Researchers at the University of Bonn, Germany, presented a new method to develop quantum repeaters that can pass quantum information over long distances, by utilizing Purcell effect with which light particles can be shot in a much more targeted manner.
When a laser beam is allowed to fall on an atom, the light photons will be absorbed by the atom and it will be excited to a higher energy state, provided the energy difference between the levels of the atom matches with the energy of the incident light. The atom, after its lifespan in the excited state, will emit this extra energy and it will be deexcited to the ground state with the emission of a photon. However, the direction in which this emitted photon travels is purely coincidental.
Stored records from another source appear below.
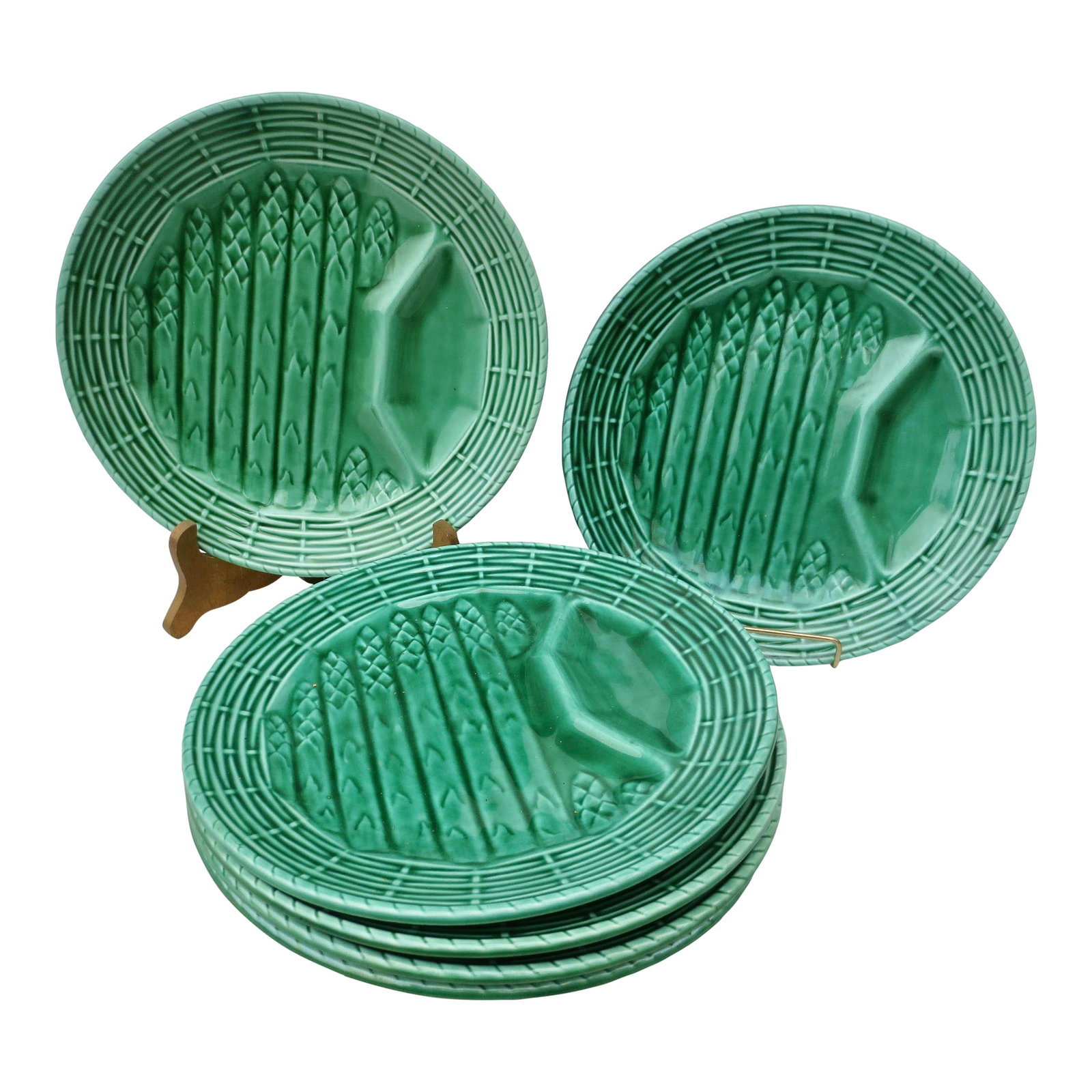 Sarreguemines Majolica Asparagus Plates- Set of 6: Sarreguemines majolica asparagus plates from France, made early to mid-20th century. The set is glazed in medium green glaze with sauce section and asparagus in parallel lines on a basket weave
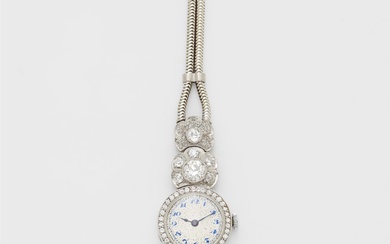 A platinum and diamond Art Déco ladies wristwatch with 18k gold tubogaz bracelet.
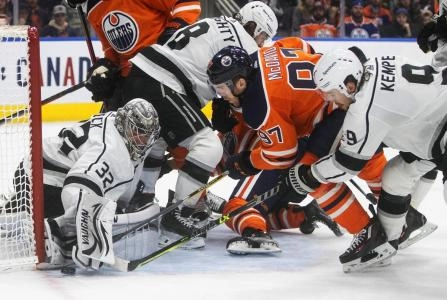 Edmonton Oilers and Los Angeles Kings players battle for the puck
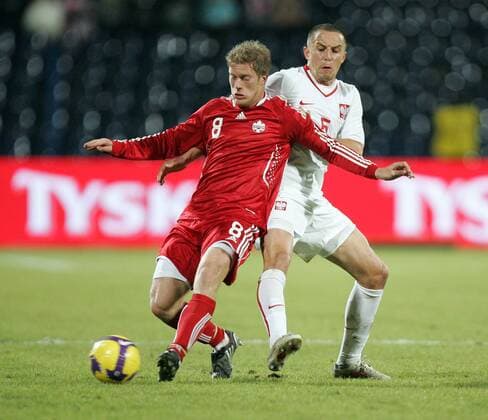 Poland - Canada: NZ MARCEL DE JONG (Canada, l.) vs DARIUSZ DUDKA Poland 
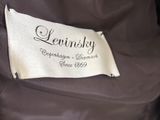 a close up of the label on a brown jacket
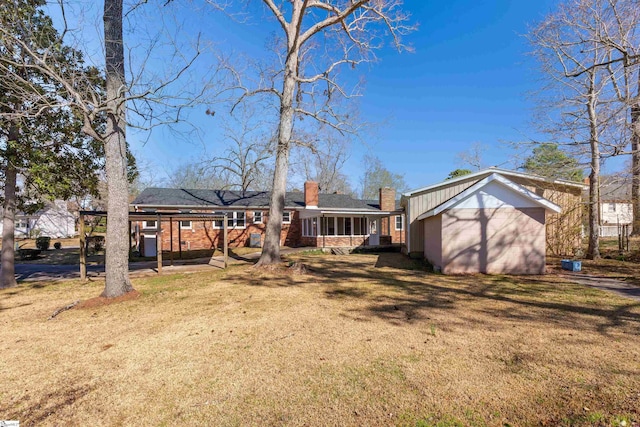 back of house with a chimney, a lawn, and brick siding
To force the emitted photons to travel along the desired direction, the researchers of Bonn University, Germany, made use of an interesting phenomenon in physics, known as Purcell effect, the existence of which was already proven. The Purcell effect is the enhancement of a quantum system's emission rate by modifying and adjusting its environment. The German scientists modified the experimental enviroment by placing rubidium atom between two parallel mirrors, and irradiated it with an intense laser beam. It was found that the photons emitted during the deexcitation of rubidium atom prefers to travel towards one of the mirrors.
This discovery shows that it is possible to utilize Purcell effect for the targeted emission of photons from neutral atoms. Hence it would be useful in future, in developing quantum repeaters for long distance quantum information transmission, as the signal has to be buffered to assure the signal quality for great distances.